Jenny Beresford | June 28, 2016
Now let’s see if digital connectivity and creativity can hover like a drone above and across a politically detonated economic upheaval like Brexit.

We talk a lot about enterprise agility. Now let’s see if digital connectivity and creativity can hover like a drone above and across a politically detonated economic upheaval like Brexit.

In 2014, Gartner predicted that by 2016, 70 percent of successful digital business models will rely on deliberately unstable processes designed to shift as the situation changes and people’s needs shift.

Now in mid-2016, an expected referendum result in the UK will be our first big test of the elasticity and resilience of digital business models in the face of significant, politically levered, economic change.

The impact of a Brexit is different today because of the vehicles of digitisation.

Global trade barriers are diminished, global payments systems streamlined and identity systems strengthened.

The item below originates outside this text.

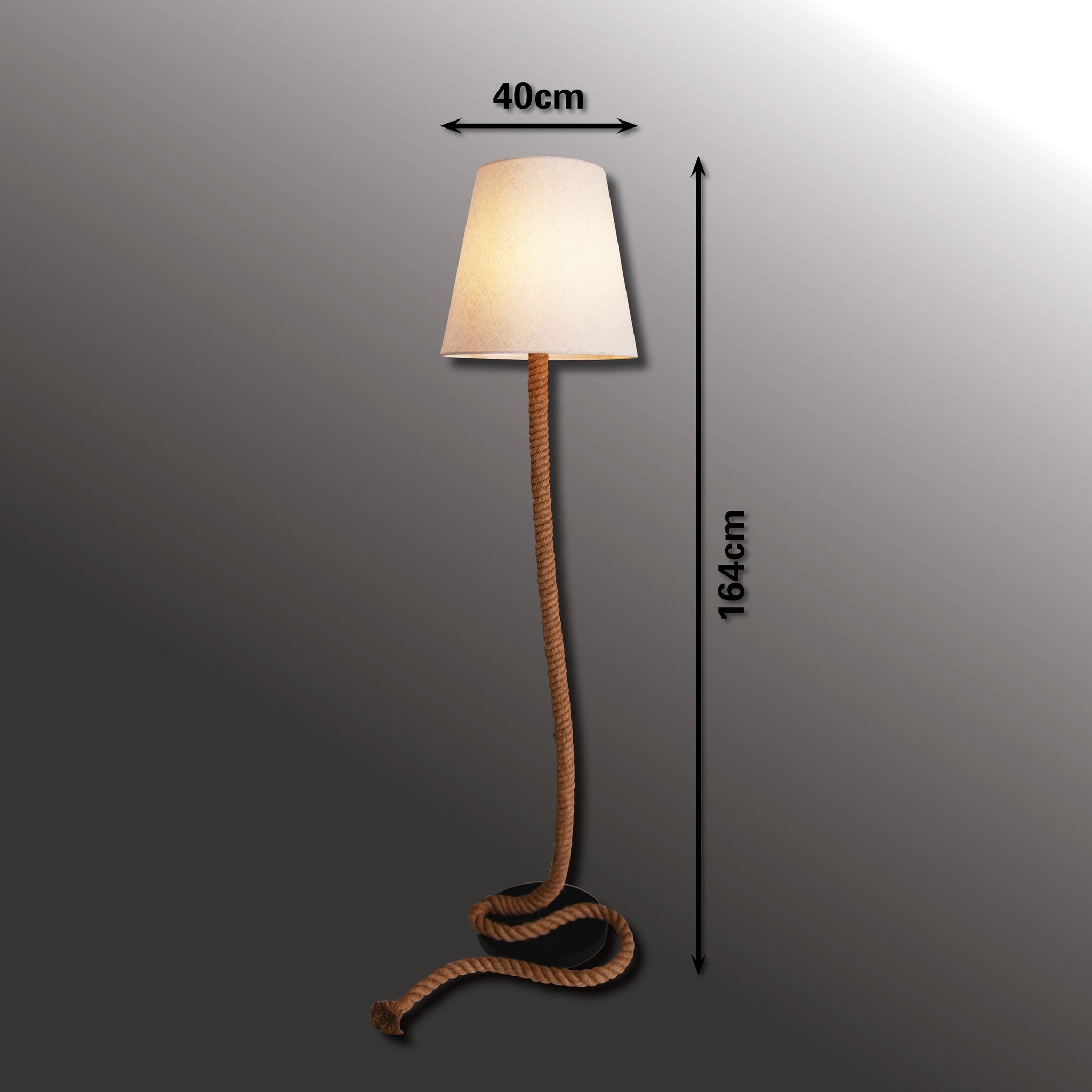 Stehleuchte Rope h:164cm - E27, 40W, IP20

Cloud storage makes it easier to uncouple regional data in response to regulatory change. Bitcoin offers an alternative to traditional nation-based currencies. Social media communities are unconstrained by artificial, geo-political borders.

So uncoupling Britain from the EU train should play out differently to the global economic events in living memory that rattled the world’s civic and commercial systems.

When the global financial crisis rattled the global economy nearly a decade ago, we were starting to flex the muscles of a digital economy with mysterious digitised financial products. When 9/11 stopped us in our tracks, we were making early explorations into internet enabled e-commerce.

If we look back to 2001, Amazon was only just starting to get its ‘mojo’ on as an online bookshop, Apple was just giving us a taste of streaming music through the iPod experience (yes, iPod not iPad), and we still used travellers cheques to navigate international currencies across borders.

The growth of a digital economy had come to a screaming halt, for just a moment, stopped in its tracks by the dotcom bubble that had spectacularly burst.

Today, I would like to be a fly on the wall of Alibaba, Amazon, Tencent or Google, as they adjust their global commercial scenarios to accommodate Brexit.

Perhaps the scenario is ‘business-as-usual’. Their digital business models should have enough built-in capacity and fluidity to float above, flow around, or exploit and profit from, shifts like Brexit.

The difference in a digitised world is that the global trading ecosystem is less adversely affected by political decisions and the flow on of slow moving analogue regulatory and process changes than it would have been five or ten years ago.

I’d also like to be privy to the strategic conversations happening this week in the think tanks of government in China and India as the world’s gaze turns to Europe, as it buckles down for an uncomfortable few years.

Smart digital governments within the EU and across its trading partners and visitors will have readied themselves to absorb change with less cost and disruption.